Researchers using a new method that handily lengthens human telomeres have found that treated cells act like young (untreated) cells, proliferating freely in the lab dish.
The method entails using modified messenger RNA. It should enable researchers to produce vast numbers of cells for study and could lead to new options for treating diseases spurred by shortened telomeres, according to scientists from the Stanford University School of Medicine, Palo Alto, Calif.
Acting like the plastic caps clipped to the end of shoe laces to prevent fraying, telomeres are situated on the ends of the strands of DNA (chromosomes), which contain our genomes. Some 8,000 to 10,000 nucleotides long in young people, telomeres are curtailed as the cells divide, and when telomeres attain a critical length, the cell quits dividing (or dies).
"Now we have found a way to lengthen human telomeres by as much as 1,000 nucleotides, turning back the internal clock in these cells by the equivalent of many years of human life," says Helen Blau, PhD, professor of microbiology and immunology, Stanford University, and director of the university's Baxter Laboratory for Stem Cell Biology. "This greatly increases the number of cells available for studies such as drug testing or disease modeling." Blau is also a member of the Stanford Institute for Stem Cell Biology and Regenerative Medicine.
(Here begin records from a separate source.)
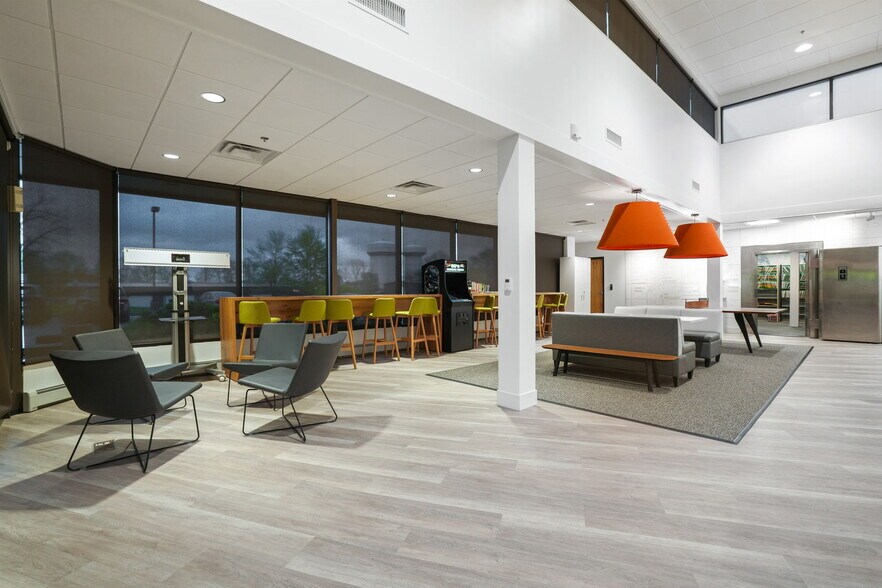 More Photos Of 201 Outerbelt St, Columbus Office For Sale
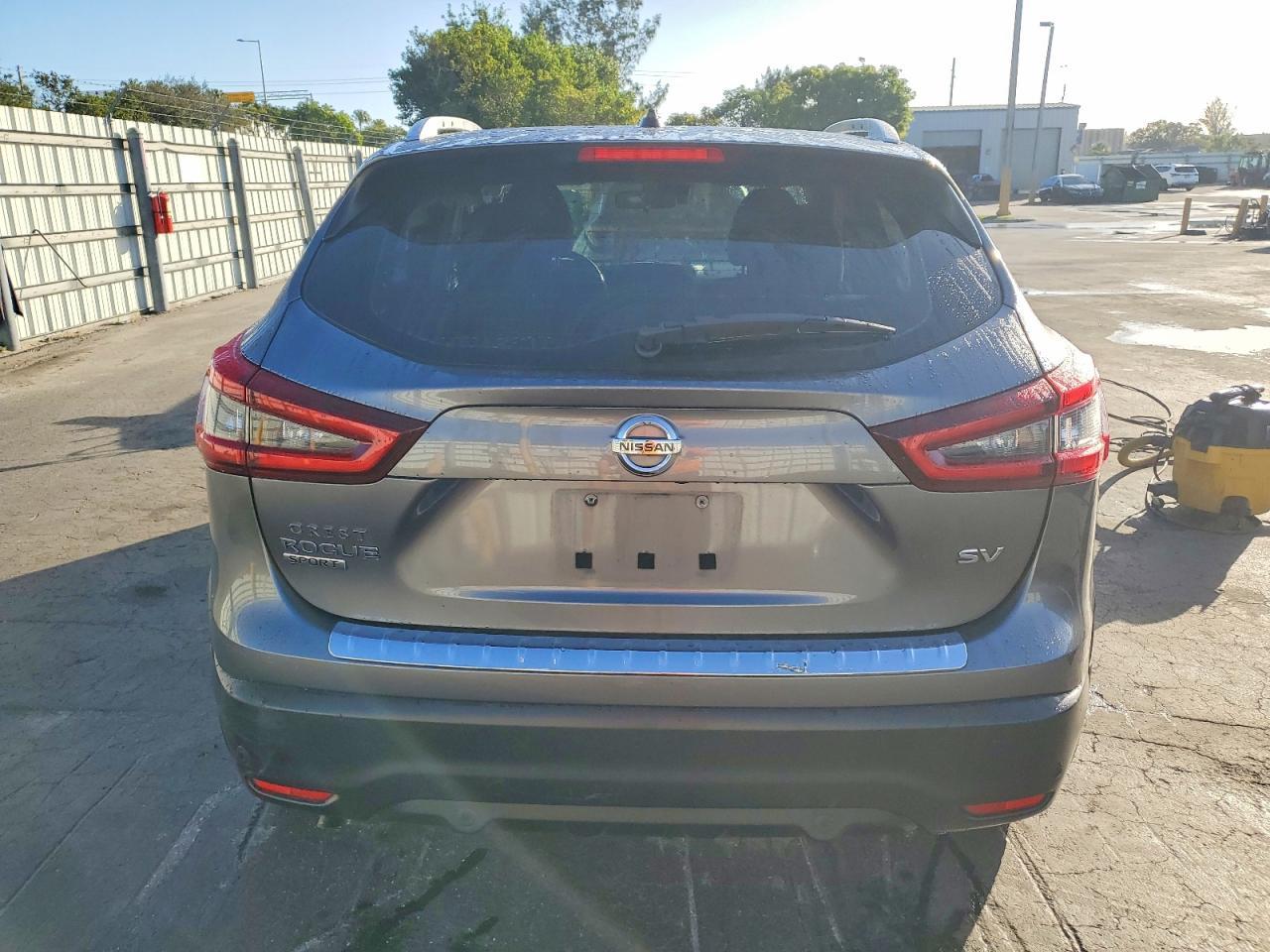 2020 Nissan Rogue Sport Sv - Image 6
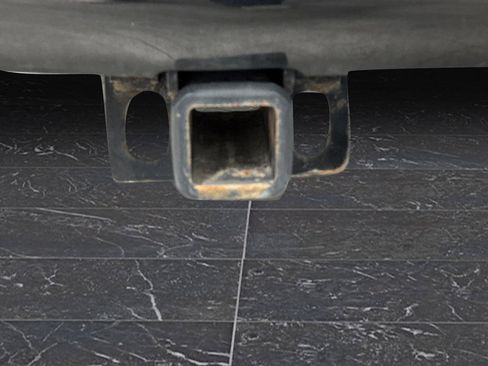 Used 2018 Nissan Titan SV w/ SV Convenience Package image 34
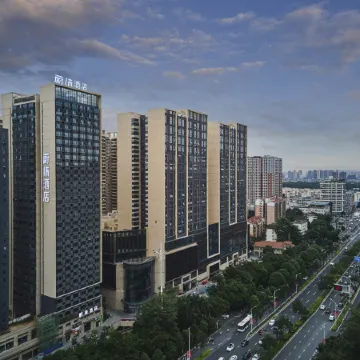 Vyluk Hotel（Nanning Guangxi University Subway Station& Zoo Branch）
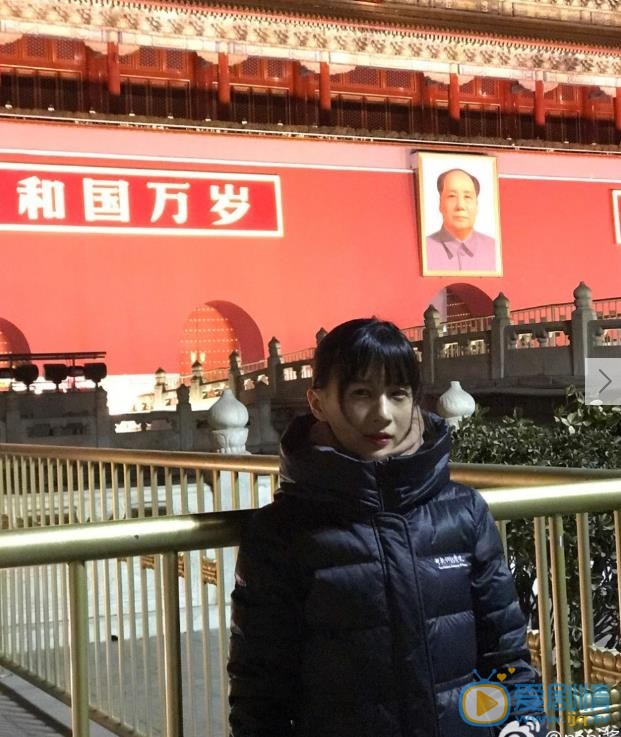 papi酱旅行街拍照 papi酱高清写真_papi酱高清剧照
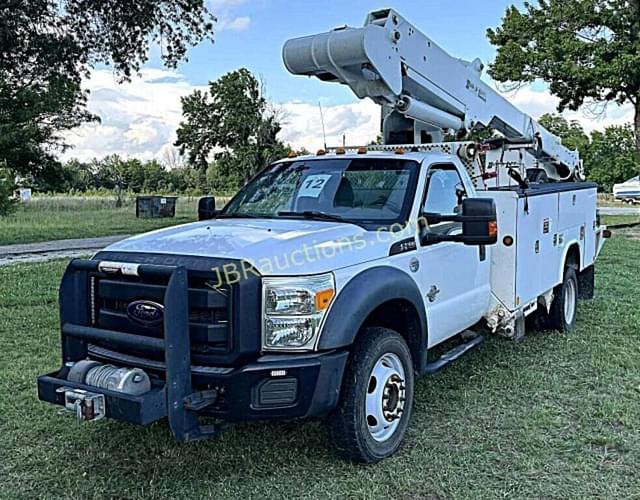 Image of Ford F-550 equipment image 2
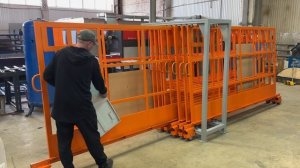 Стеллаж с вертикальными выдвижными полками. Под формат 3000х1500, 10 полок шириной 55 мм на 1 тонну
The scientists discovered that skin cells whose telomeres were made longer this way could divide up to 40 more times than untreated cells. The effect is short-lived-a plus-as treated cells do not continue to divide endlessly, which could make them hazardous to use as a promising therapy due to risk of cancer.
A paper discussing the research, titled "Transient delivery of modified mRNA encoding TERT rapidly extends telomeres in human cells," recently published in The FASEB Journal, is found here: bit.ly/15Qg4ez
This fruits of this research could play a role in slowing down effects of getting older. "This study is a first step toward the development of telomere extension to improve cell therapies and to possibly treat disorders of accelerated aging in humans," says John Cooke, MD, PhD, a co-author of the study. Cooke, formerly a professor of cardiovascular medicine at Stanford, is now chair of cardiovascular sciences at the Houston Methodist Research Institute.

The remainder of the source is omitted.